BEGIN

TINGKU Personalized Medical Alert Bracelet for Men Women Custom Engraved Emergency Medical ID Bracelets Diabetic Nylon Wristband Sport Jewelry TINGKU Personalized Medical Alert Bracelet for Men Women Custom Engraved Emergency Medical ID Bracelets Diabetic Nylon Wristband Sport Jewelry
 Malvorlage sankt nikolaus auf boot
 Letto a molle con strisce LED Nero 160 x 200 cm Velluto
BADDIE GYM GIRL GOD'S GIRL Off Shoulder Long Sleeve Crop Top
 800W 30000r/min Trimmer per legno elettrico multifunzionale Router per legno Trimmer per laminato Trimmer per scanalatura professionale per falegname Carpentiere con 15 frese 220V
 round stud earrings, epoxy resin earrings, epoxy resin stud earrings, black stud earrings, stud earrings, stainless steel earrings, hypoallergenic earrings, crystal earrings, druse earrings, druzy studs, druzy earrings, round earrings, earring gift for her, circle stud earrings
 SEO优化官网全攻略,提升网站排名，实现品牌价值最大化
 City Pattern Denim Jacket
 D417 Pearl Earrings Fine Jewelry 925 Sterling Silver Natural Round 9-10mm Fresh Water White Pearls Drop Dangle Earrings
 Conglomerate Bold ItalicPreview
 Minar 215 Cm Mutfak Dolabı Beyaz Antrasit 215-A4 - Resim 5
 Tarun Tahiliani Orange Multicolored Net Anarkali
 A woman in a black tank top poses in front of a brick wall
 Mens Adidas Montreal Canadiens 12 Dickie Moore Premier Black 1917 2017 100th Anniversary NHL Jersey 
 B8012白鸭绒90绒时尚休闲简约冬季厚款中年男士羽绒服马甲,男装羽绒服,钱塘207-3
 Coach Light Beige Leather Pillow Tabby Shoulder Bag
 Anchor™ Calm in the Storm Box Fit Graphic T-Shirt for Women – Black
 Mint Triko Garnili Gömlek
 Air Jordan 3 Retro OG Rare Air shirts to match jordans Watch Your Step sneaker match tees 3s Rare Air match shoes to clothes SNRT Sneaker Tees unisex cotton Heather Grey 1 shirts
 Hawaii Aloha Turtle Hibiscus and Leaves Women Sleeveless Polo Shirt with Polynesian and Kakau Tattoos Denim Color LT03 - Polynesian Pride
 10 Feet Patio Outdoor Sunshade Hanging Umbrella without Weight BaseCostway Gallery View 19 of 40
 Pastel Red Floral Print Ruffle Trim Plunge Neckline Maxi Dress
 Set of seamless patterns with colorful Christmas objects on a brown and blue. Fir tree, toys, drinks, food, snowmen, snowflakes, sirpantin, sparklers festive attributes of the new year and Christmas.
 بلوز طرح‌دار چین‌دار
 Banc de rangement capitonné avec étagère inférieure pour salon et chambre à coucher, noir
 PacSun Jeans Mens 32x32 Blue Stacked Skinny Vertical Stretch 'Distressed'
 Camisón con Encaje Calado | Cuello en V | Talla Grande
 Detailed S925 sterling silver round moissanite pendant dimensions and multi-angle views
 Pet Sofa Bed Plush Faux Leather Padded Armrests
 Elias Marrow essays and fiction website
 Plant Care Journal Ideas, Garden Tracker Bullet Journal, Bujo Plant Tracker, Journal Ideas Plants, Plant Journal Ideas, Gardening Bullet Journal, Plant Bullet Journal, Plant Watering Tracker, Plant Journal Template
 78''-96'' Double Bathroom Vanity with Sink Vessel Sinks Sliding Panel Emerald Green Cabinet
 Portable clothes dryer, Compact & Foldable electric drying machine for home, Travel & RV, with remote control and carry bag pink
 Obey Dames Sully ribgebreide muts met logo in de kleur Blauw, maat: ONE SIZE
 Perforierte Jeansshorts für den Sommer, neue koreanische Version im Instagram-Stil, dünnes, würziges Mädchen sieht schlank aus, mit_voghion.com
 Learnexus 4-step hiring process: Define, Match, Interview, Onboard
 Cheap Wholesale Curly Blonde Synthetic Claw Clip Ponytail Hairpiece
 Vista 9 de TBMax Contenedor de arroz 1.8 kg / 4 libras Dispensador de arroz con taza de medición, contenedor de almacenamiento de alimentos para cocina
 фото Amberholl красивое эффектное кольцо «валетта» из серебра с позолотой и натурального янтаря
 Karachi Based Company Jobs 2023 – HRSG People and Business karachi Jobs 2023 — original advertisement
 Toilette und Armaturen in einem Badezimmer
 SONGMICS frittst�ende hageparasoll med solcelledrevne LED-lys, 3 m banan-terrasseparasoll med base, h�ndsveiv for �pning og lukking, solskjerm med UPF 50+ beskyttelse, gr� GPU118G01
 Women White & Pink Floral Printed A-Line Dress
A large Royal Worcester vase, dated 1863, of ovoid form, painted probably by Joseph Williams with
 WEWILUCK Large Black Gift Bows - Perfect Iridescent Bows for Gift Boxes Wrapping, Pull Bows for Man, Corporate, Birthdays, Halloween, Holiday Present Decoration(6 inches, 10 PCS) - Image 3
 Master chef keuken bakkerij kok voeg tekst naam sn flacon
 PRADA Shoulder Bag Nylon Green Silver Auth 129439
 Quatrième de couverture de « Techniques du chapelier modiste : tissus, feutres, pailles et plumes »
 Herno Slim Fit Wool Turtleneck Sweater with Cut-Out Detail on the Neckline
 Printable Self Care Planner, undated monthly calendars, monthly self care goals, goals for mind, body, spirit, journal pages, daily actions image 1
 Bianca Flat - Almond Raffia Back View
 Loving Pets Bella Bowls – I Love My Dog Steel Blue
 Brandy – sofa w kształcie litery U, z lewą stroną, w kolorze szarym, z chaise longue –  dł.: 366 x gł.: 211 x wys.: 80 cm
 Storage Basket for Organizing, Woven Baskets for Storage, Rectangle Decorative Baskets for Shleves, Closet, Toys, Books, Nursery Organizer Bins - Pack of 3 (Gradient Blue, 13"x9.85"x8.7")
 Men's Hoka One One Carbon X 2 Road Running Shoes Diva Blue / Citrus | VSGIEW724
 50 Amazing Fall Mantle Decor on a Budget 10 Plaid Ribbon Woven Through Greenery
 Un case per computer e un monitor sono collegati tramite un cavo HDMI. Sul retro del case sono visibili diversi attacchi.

END

Return each line of the data that contains the string "Floral".

Answer below:
 Pastel Red Floral Print Ruffle Trim Plunge Neckline Maxi Dress
 Women White & Pink Floral Printed A-Line Dress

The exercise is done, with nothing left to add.